Now, along comes Lamborghini with the Huracán Sterrato, applying a similar treatment to its mid-engine V-10 supercar. This is simply a case of two automakers arriving at the same idea around the same time. Both cars had been teased for years by their respective manufacturers, which, coincidentally, live under the Volkswagen Group umbrella.
That’s not to suggest both brands shared the same motivation to build sports cars that could play in the dirt. Lamborghini previewed the Sterrato – the name is Italian for dirt road – as a functional concept car four years ago. The Porsche 911 Dakar’s connection to off-pavement 911s, meanwhile, stretches back more than five decades to the iconic sports car’s rally championship years.
Lamborghini CEO Stephan Winkelmann confirmed that the Sterrato will be the carmaker’s last model powered solely by an ICE engine. He also confirmed plans to build 1,499 Sterratos before sunsetting the Huracán.
Meet The “Rally” Lamborghini
Both Porsche and Lamborghini offer SUVs, so why build a sports car for off-pavement fun? Good question. Even though Lamborghini had once offered the off-road LM002,
Lamborghini’s chief technical officer, Rouven Mohr, told Motor Trend that when developing the current Urus SUV, the design team learned that most customers were not inclined to want to drive them in the dirt.
The transformation from Huracán Evo into a Sterrato touches all aspects of the car, and all the differences are functional. Lamborghini used different springs, shocks and higher-profile tires to raise the car 1.7 inches, also extending suspension travel to handle undulating surfaces more easily.
That puts the Sterrato’s road clearance at just under seven inches. Lamborghini expressly designed the Sterrato to venture onto loose-traction surfaces, not rutted or rocky trails. The Sterrato rolls on 19-inch wheels vs. the Huracán Evo’s 20-inch rims and fits Bridgestone Dueler All Terrain run-flat tires (235/40R19 in front and 285/40R19 in back).
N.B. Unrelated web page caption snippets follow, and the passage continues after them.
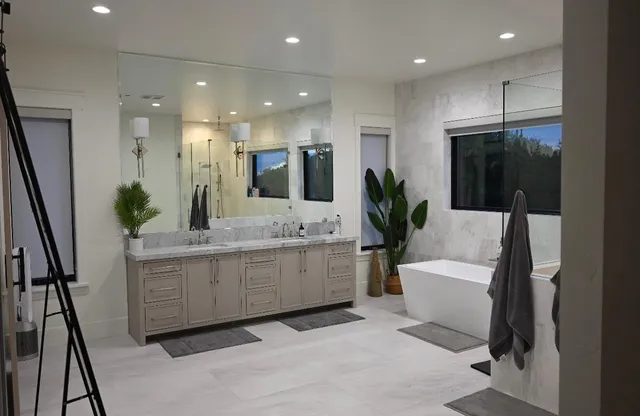 a view of a balcony with furniture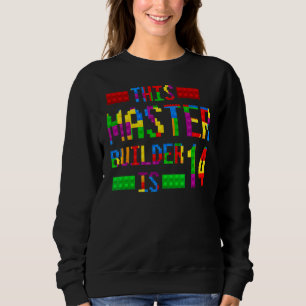 Sudadera Master Builder 14 Años Nacido En 2008 14B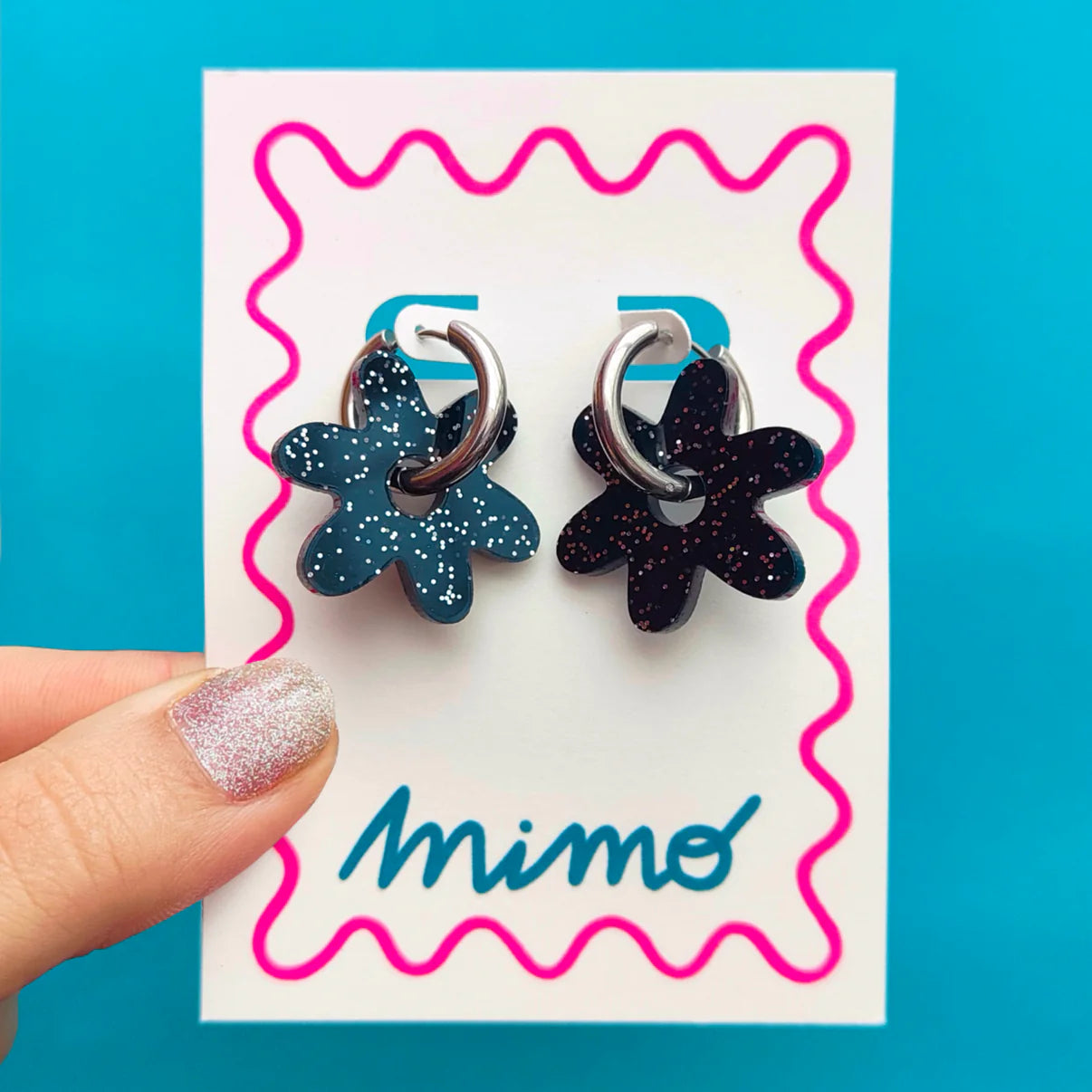 Flower Hoops - Midnight Party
The fender flares that give the Sterrato a rally car stance were needed to cover the tires, since the rally Lambo has a 1.1-inch wider front track and 1.3-inch wider rear track. Underneath, Lamborghini installs aluminum skid plates to protect the suspension and other sensitive parts.
The V-10 Beast
The Huracán Sterrato uses the same 5.2-liter naturally aspirated V-10 engine as the Huracán Evo, but it’s down slightly in output (601 horsepower vs. 631 in the Evo), and there’s a good reason. To help keep dust and dirt out of the engine’s breathing tract, Lamborghini blocked off the Huracán’s low side intakes and substituted a single rooftop air scoop. It looks cool and rally-like but reduces airflow somewhat.
Torque output remains the same as the Huracán Evo at 413 lb.-ft. You probably won’t miss the 30 horses, as Lamborghini says the Sterrato can still do 0-60 in about 3.2 seconds and pretty much squish your eyeballs back in their sockets. The all-terrain tires, which Lamborghini says are well suited to street and even track use, require a 160-mph speed limiter. Prepare your ego for a 40-mph chop from the Huracán Evo’s top end.
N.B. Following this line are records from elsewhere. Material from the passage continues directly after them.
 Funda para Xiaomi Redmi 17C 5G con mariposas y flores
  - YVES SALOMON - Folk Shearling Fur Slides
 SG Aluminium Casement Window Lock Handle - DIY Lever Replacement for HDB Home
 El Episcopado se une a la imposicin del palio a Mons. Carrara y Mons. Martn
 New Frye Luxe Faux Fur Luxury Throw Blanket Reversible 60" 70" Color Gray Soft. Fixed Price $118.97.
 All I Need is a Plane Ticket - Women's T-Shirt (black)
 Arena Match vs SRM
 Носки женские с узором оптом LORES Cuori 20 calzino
The V-10 is teamed to the same seven-speed dual-clutch automatic transmission as in the Evo. The all-wheel drive hardware is the same, too, though Lamborghini recalibrated the system to handle low-grip surfaces. It can send more torque to the front wheels depending on how much throttle the driver is giving it, along with steering angle and whether the car is sliding.
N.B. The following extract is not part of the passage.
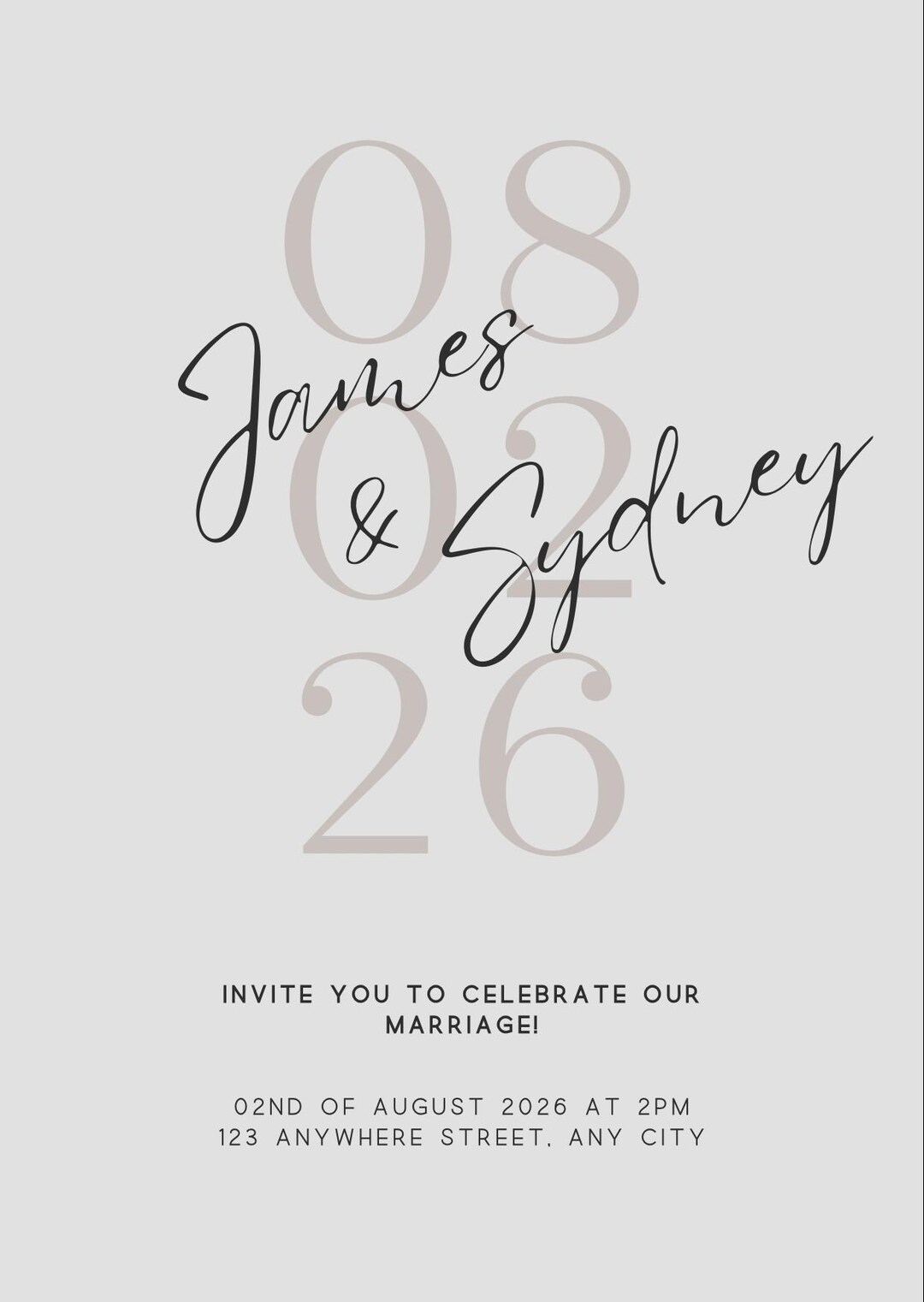 Aesthetic Wedding Invitation - Etsy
Lamborghini deleted the Huracán Evo’s rear wheel steering function and recalibrated the Dynamic Vehicle Integration system that controls the AWD, traction control and stability control. The driver can select from three settings, Strada (street), Sport for performance driving on pavement and Rally is for the dirt. The latter lets the driver more easily put the Sterrato into a drift.
All the Rally Trimmings
If you plan to do some dirt running at night, you’re in luck, as the rally lights mounted at the Sterrato’s nose come standard. Inside, the touchscreen center display adds functions of an inclinometer, steering angle indicator, pitch-and-roll display, compass and exact GPS coordinates.
Lamborghini also installs a telemetry system to monitor and analyze performance with the UNICA app, and Apple Watch users can synchronize their heart rate with the system. That could be useful to see what your heart does through drifts, for example.
There’s even a built-in camera to record your adventures.
We would be remiss if we left out one more fun tidbit. A promotional video that Lamborghini produced for the Sterrato had internet users scratching their heads trying to understand its meaning. It’s like Fellini meets Mad Max meets a weird TV commercial for cologne. “This one’s for you, concrete yearner.”
Production of the Lamborghini Huracán Sterrato begins in February 2023. Pricing for the U.S. has not been announced.